A intervenção foi realizada com sucesso, e o octogenário prosseguiu com o tratamento, ainda sob a sombra de perspectivas nada animadoras. Nise Chagas Berlitz alertava os familiares de que o esposo estava “no final” e pedia que todos se preparassem.
– A palavra morte não existia. Falavam com ele com palavras que um bom entendedor entenderia, mas ele não ouvia. Eu não achava certo que ele não soubesse de tudo – recorda Nise.
Até que chegou o momento em que o paciente recebeu a informação de que as sessões de quimioterapia não estavam surtindo o efeito pretendido. Encaminhado para cuidados paliativos, medidas com o objetivo de proporcionar conforto e aliviar sintomas de doentes graves sem chance de cura, Inácio passou a ter outro tipo de conversa. Nise lembra do primeiro encontro com o novo médico, em que se estabeleceu um diálogo franco, com duração de duas horas e meia. Ela chorou enquanto ouvia o companheiro de 56 anos e quatro meses de convivência relembrar uma trajetória feliz. Inácio abriu o coração, surpreendendo a esposa. Entre os tópicos abordados, estava o fim iminente da vida.
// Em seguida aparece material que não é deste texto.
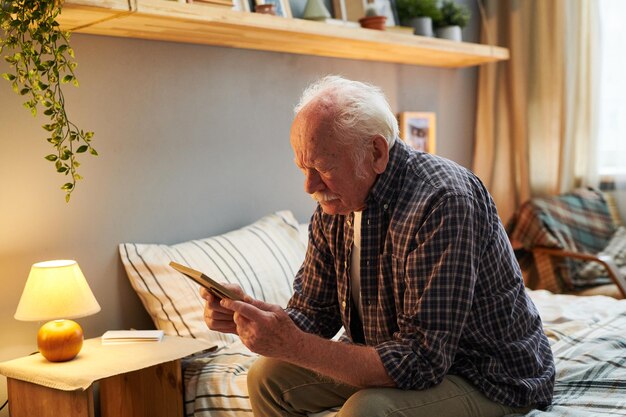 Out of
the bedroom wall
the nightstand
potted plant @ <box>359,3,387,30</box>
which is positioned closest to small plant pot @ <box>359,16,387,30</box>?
potted plant @ <box>359,3,387,30</box>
– Como é que você se sente? – perguntou ele à esposa na saída da consulta.
– Tirei um peso da consciência – confessou Nise.
Ao chegar em casa, Inácio declarou, tranquilamente, a dois parentes próximos, envolvendo-os em um forte abraço:
– Quero dizer que sou muito orgulhoso pela família que formei e a amo muito. Meus dias estão contados.
Debate recorrente entre profissionais da medicina
A história de Inácio e Nise ilustra um drama frequente que envolve pacientes, familiares e médicos em consultórios e hospitais. Como abordar os temas mais difíceis no decorrer do tratamento de uma enfermidade severa? Que possibilidades discutir às vésperas de uma intervenção complexa, que coloca a vida em risco? De que forma relatar todos os comprometimentos decorrentes de um acidente vascular cerebral (AVC) altamente debilitante? Além dos tópicos sensíveis, há uma série de outras questões igualmente delicadas: o paciente deve saber de tudo que diz respeito a seu quadro clínico? As informações mais impactantes podem ser compartilhadas apenas com os familiares, para que o doente seja poupado de mais esse peso em uma situação que já se mostra desgastante ao extremo?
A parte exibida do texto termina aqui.